William Wegman (born December 2, 1943) is an American artist best known for creating series of compositions involving dogs, primarily his own Weimaranersin various costumes and poses
Wegman originally intended to pursue a career as a painter. He received a Bachelor of Fine Arts in painting from Massachusetts College of Art in 1965 and a Master of Fine Arts degree in painting from the University of Illinois at Urbana-Champaign in 1967.
By the early 70s, Wegman’s work was being exhibited in museums and galleries internationally. In addition to solo shows with Sonnabend Gallery in Paris and New York, Situation Gallery in London and Konrad Fisher Gallery in Dusseldorf, his work was included in such seminal exhibitions as “When Attitudes Become Form,” and “Documenta V” and regularly featured in Interfunktionen, Artforum and Avalanche.
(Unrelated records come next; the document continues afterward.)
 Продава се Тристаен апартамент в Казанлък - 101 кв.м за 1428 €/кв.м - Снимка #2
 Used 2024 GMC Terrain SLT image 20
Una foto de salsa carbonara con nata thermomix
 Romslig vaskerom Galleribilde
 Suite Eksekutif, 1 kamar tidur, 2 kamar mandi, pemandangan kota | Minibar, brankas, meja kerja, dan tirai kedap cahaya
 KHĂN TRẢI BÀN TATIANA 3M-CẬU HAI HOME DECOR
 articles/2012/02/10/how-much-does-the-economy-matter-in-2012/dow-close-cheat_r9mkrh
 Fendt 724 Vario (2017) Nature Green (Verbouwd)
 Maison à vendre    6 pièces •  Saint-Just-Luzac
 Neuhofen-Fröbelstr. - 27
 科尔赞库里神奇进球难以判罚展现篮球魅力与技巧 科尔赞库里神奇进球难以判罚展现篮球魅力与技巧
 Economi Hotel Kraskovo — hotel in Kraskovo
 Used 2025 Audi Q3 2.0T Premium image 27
While he was in Long Beach Wegman got his dog, Man Ray, with whom he began a long and fruitful collaboration. Man Ray, known in the art world and beyond for his endearing deadpan presence, became a central figure in Wegman’s photographs and videotapes. In 1982, Man Ray died, and was named “Man of the Year” by the Village Voice. It was not until 1986 that Wegman got a new dog, Fay Ray, and another collaboration began marked by Wegman’s extensive use of the Polaroid 20 x 24 camera. With the birth of Fay’s litter in 1989, Wegman’s cast of grew to include Fay’s offspring — Battina, Crooky and Chundo — and later, their offspring: Battina’s son Chip in 1995, Chip’s son Bobbin in 1999 and Candy and Bobbin’s daughter Penny in 2004.
He appeared on The Colbert Report in 2010.
Wegman is the author of numerous books for children, including the New York Times bestseller Puppies. His latest children’s book, Flo & Wendell, is published with Dial Books for Young Readers.